My son is 15 years old now.  I move consistently between Inner Searching and Separating.  I have protected him, taught him, and always tried to foresee any obstacles in his path.  I have my dreams for him and his future; yet, I struggle with the need to “initiate separation and let it happen.”  I have to find my identity as the parent of a child, turning into an adult, with special needs.  As I look back on all the obstacles we as a family have overcome, I realize that I can adapt my dreams to match and support his.   It won’t be easy but nothing worth having ever is.  Will I still grieve?  Of course, every time I see the obstacles he will face for the rest of his life.

In a way, I felt like the brides that envision a perfect day; I wanted my life, and the lives of those I love, to be perfect.  My perceptions of “perfect” have changed.  Grieving is part of my life and so is adapting to what comes my way.  I wish I could tell those brides that the wedding is just one day.

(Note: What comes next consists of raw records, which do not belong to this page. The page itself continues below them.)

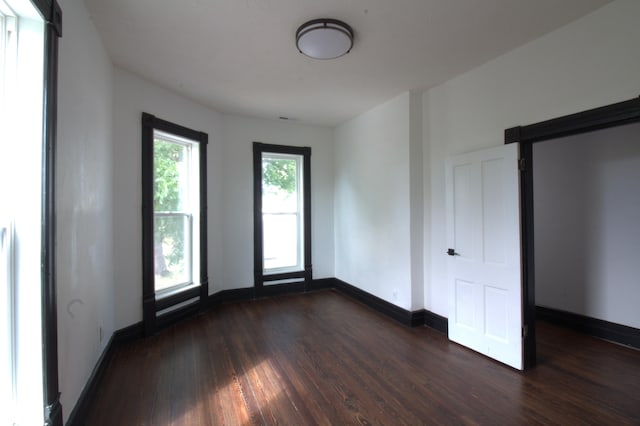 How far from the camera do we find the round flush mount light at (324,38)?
84.7 inches

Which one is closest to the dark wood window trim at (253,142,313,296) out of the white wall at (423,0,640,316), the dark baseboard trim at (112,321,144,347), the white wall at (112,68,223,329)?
the white wall at (112,68,223,329)

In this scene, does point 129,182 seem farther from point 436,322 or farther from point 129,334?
point 436,322

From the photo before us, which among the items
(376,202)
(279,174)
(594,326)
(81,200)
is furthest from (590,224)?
(81,200)

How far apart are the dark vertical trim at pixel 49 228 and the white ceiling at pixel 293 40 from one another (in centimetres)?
79

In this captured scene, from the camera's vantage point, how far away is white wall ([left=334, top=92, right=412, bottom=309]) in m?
3.57

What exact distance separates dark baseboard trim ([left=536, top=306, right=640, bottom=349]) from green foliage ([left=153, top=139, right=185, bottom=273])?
15.9 feet

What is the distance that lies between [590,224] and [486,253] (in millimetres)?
1661

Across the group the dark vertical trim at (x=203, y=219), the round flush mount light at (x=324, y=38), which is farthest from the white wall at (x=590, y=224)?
the dark vertical trim at (x=203, y=219)

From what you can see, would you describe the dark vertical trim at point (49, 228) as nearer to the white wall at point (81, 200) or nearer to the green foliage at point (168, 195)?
the white wall at point (81, 200)

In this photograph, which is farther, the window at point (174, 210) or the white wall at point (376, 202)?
the white wall at point (376, 202)

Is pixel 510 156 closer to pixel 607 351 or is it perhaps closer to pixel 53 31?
pixel 607 351

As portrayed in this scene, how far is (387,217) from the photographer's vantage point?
387 centimetres

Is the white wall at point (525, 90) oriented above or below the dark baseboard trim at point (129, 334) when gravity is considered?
above

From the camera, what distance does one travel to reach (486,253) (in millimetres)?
2764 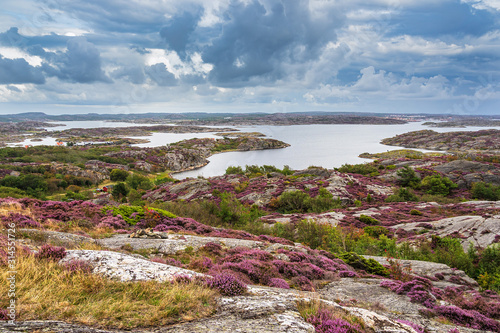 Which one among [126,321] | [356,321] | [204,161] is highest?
[126,321]

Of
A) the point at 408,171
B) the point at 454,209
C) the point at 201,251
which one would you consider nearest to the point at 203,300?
the point at 201,251

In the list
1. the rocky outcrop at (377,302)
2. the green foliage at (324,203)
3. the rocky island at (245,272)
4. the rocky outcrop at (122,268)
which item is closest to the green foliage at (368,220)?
the rocky island at (245,272)

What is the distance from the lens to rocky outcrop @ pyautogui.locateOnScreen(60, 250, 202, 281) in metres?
6.78

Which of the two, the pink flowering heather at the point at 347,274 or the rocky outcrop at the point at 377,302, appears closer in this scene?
the rocky outcrop at the point at 377,302

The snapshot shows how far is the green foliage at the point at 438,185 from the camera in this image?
140 ft

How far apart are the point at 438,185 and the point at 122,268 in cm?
5091

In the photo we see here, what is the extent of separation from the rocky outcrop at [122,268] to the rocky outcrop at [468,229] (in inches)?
777

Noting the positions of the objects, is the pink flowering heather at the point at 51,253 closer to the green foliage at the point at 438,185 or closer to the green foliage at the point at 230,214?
the green foliage at the point at 230,214

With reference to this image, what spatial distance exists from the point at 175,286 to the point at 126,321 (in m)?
1.51

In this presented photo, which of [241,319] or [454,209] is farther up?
[241,319]

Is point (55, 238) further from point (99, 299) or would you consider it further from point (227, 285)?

It’s the marriage you want to last a lifetime.  Perfection is an illusion not worth grieving over if it is not achieved.  Happiness is in learning how to adapt.

1 Bridezillas, where brides go from sweet to certifiable. (WEtv, Sunday 9/8c).


Taken from Nobody’s Perfect - Living & Growing with Children Who Have Special Needs by Nancy B. Miller, Ph.D., M.S.W., adapted by Laura J. Warren, Pilot Parent Family Resource Center, The Arc of the Capital Area, 1/96.